To answer the second question, “did we build community?”, I need to look into the data with some more granularity. We can distinguish edges between the ones that convey short-term static social relationships from those that represent active relationships. Following someone on Twitter is a static relationship: Alice follows Bob if she thinks Bob is an interesting person that shares good content. Typically, she will follow hime over a long time. Mentioning or retweeting someone, on the other hand, is an action that happens at a precise point in time. Based on this reasoning, I can resolve the overall Twitterstorm network in a “static” network  of follower relationships – representing more or less endorsement and trust – and an “instant” network of mentions and retweets – representing more or less active collaboration in the Twitterstorm. The first of the two can be assumed to represent the pattern of trust that was built: it would be nice to confront it with the same network as it was before the Twitterstorm, but unfortunately our data do not allow us to do that. We can think of the second network as the act in which community was (or not) built.

The network of trust is not so different from the overall one, but now there are four subcommunities instead of three (Q = ~ 0.33):

Twitterstorm – Follow Relationships

As before, the Matera group is clearly visible and depicted in green; the Ouishare group is also recognizable in blue. The red subcommunity now consists almost exclusively of Italians – most of them not in Matera, who have strong international ties. The ER-uM group is now depicted in purple. In terms of the static network, then, the coordination between Materans on one end and Ouisharers on the other end was intermediated twice: first by a (red) group of internationally connected Italians, then by a (purple) pan-European community gathered around Edgeryders. This is also another legitimate interpretation of the overall T-storm network.

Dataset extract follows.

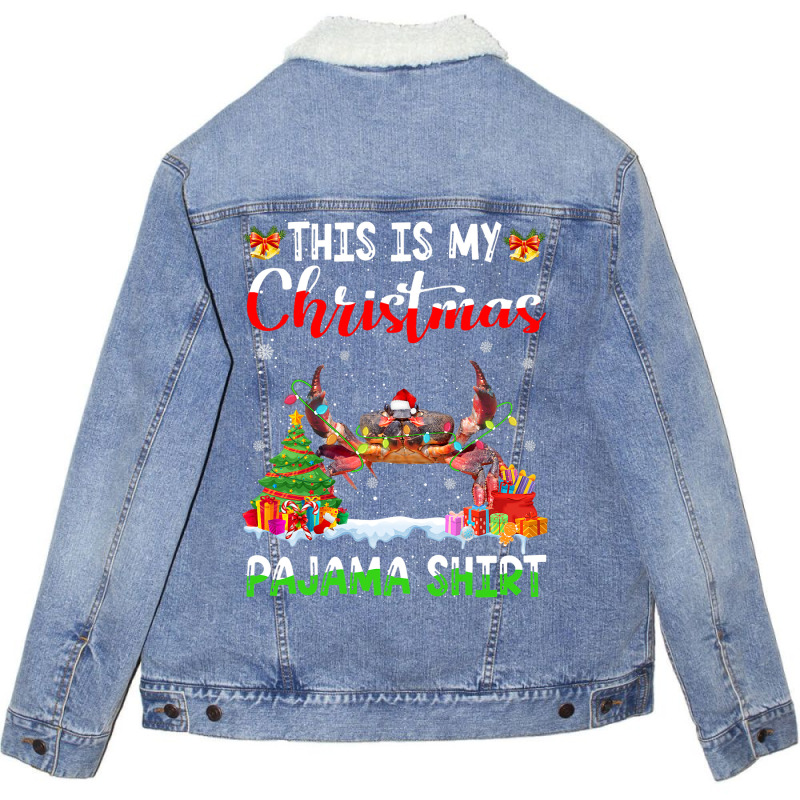 This Is My Christmas Pajama Crab Lover Xmas Lights Unisex Sherpa-lined Denim Jacket | Artistshot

When we consider the “active” network of mentions and retweets that developed on Monday 14th, we find a rather different situation. Again, the components are four: but this time, the two central subcommunities seem more a mathematical effect of the high level of activity of the most active users, chiefly edgeryders, unmonastery and alberto_cottica, than clearly delimited subcommunities. Most of the modularity (which is even higher than in the two previous networks, Q = ~ 0.35) stems for the very clearly marked subcommunities to the left (Materans) and right (Ouisharers). No surprises here.

Twitterstorm – Mentions

The picture below visualizes a higher weighted outdegree in redder colors on a blue-red spectrum. Redder nodes have been more active in mentioning and engaging the nodes they are connected to. The redder areas in the network are not within the subcommunities, but across them: most of the orange and red edges connect the Matera subcommunity (i_dauria, matera2019, rita_orlando, piersoft) with the ER-uM one (edgeryders, alberto_cottica). On the right, elfpavlik is busy building bridges between Ouisharers and ER-uM. So yes, we did build community. You are looking at community building in action!

Twitterstorm mentions outdegree heat map

Provisionally, as we wait for better data, we conclude that the Twitterstorm not only was dirt cheap, fun and good publicity, but it also left behind semi-permanent social effects, pulling the three communities involved closer together. Doesn’t get much better than that!